The allowed fields, what each fills from, and whether it is automatic:


  • {operator_name}: your name, or the issuing organization. Fills automatically from the owner account.
  • {counterparty_name}: the first signer's name. Fills automatically from signer slot 1.
  • {counterparty_email}: the first signer's email. Fills automatically from signer slot 1.
  • {second_party_name}: the second signer's name, for two-party agreements. Fills automatically from signer slot 2.
  • {animal_name}, {animal_species}, {animal_breed}: fill automatically from the animal you link at send time.
  • {date}: the issue date. Fills automatically.
  • {amount}: a transaction amount, when one is relevant. This is the only field you type by hand at send time, up to 300 characters. It is plain text printed in the document, not a charge. Issuing or signing the agreement collects no money; the amount is descriptive wording only.


The implication of the allowlist: the names, animal details, and date take care of themselves when you send, and you cannot accidentally ship a broken placeholder, because an unknown token is caught at save. There is also a send-time check, covered in the sending article: every token your body uses must resolve to a real value before the agreement can go out.


Versioning: your edits never change documents people already signed


Templates are immutable by version. A template family keeps its history:


  • Editing a published template creates a new version (N+1). The previous versions are never altered.
  • Agreements already issued keep their pinned version. A document someone signed keeps rendering the exact text they saw, forever.
  • A no-op edit does not burn a version. Saving with an identical title, label, and body changes nothing.
  • Issuing always uses the latest active version at the moment you send.


The implication: you can keep improving your template without ever changing a document that has already been signed. People who signed version 1 keep version 1; new sends use the newest text.


Archiving and restoring


Your templates and the agreements you have issued from them both live under the Agreements tab, so the same place you build a template is where you tidy up the ones you are done with.

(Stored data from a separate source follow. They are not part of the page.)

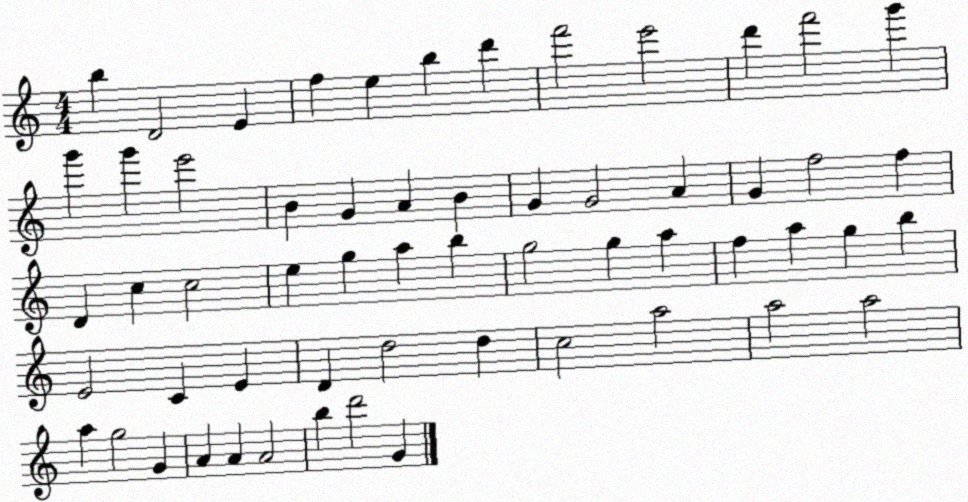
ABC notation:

X:1
T:Untitled
M:4/4
L:1/4
K:C
b D2 E f e b d' f'2 e'2 d' f'2 g' g' g' e'2 B G A B G G2 A G f2 f D c c2 e g a b g2 g a f a g b E2 C E D d2 d c2 a2 a2 a2 a g2 G A A A2 b d'2 G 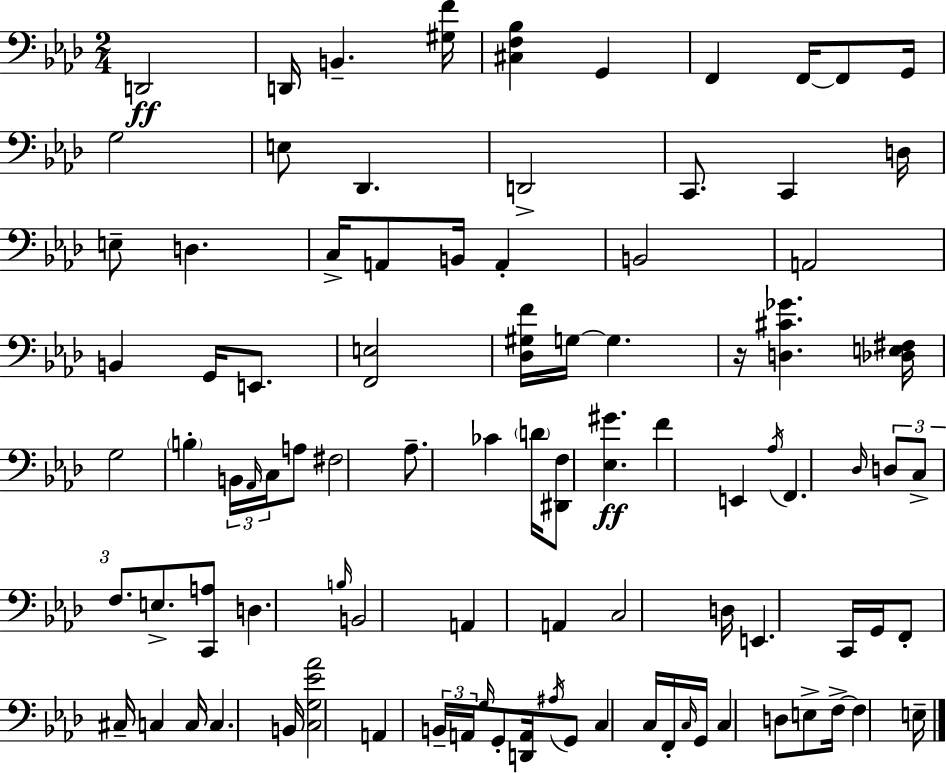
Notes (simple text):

D2/h D2/s B2/q. [G#3,F4]/s [C#3,F3,Bb3]/q G2/q F2/q F2/s F2/e G2/s G3/h E3/e Db2/q. D2/h C2/e. C2/q D3/s E3/e D3/q. C3/s A2/e B2/s A2/q B2/h A2/h B2/q G2/s E2/e. [F2,E3]/h [Db3,G#3,F4]/s G3/s G3/q. R/s [D3,C#4,Gb4]/q. [Db3,E3,F#3]/s G3/h B3/q B2/s Ab2/s C3/s A3/e F#3/h Ab3/e. CES4/q D4/s [D#2,F3]/e [Eb3,G#4]/q. F4/q E2/q Ab3/s F2/q. Db3/s D3/e C3/e F3/e. E3/e. [C2,A3]/e D3/q. B3/s B2/h A2/q A2/q C3/h D3/s E2/q. C2/s G2/s F2/e C#3/s C3/q C3/s C3/q. B2/s [C3,G3,Eb4,Ab4]/h A2/q B2/s A2/s G3/s G2/e [D2,A2]/s A#3/s G2/e C3/q C3/s F2/s C3/s G2/s C3/q D3/e E3/e F3/s F3/q E3/s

Your agreements dashboard: template cards and the issued list


  • Archive: hides the template family from the pickers you see when issuing or editing, so it is out of the way. Every agreement already issued from it stays fully intact and viewable, and the stored text stays immutable.
  • Restore: brings an archived family back into the pickers.


The implication: archiving is housekeeping, not deletion. Nothing that was signed is affected, and you can restore a family whenever you want to use it again.



Both the template list and the editor repeat the same line, and it is worth taking seriously: you author and own the text; Creatures records the signatures. Creatures does not supply, draft, or review legal language, and using the feature is not legal advice. For anything with legal weight, have your own attorney review what you use.


Once your template is ready, the next step is sending it. See Sending an agreement for signature. A template can also be attached to a bookable offering as a waiver that a customer must sign before they can pay.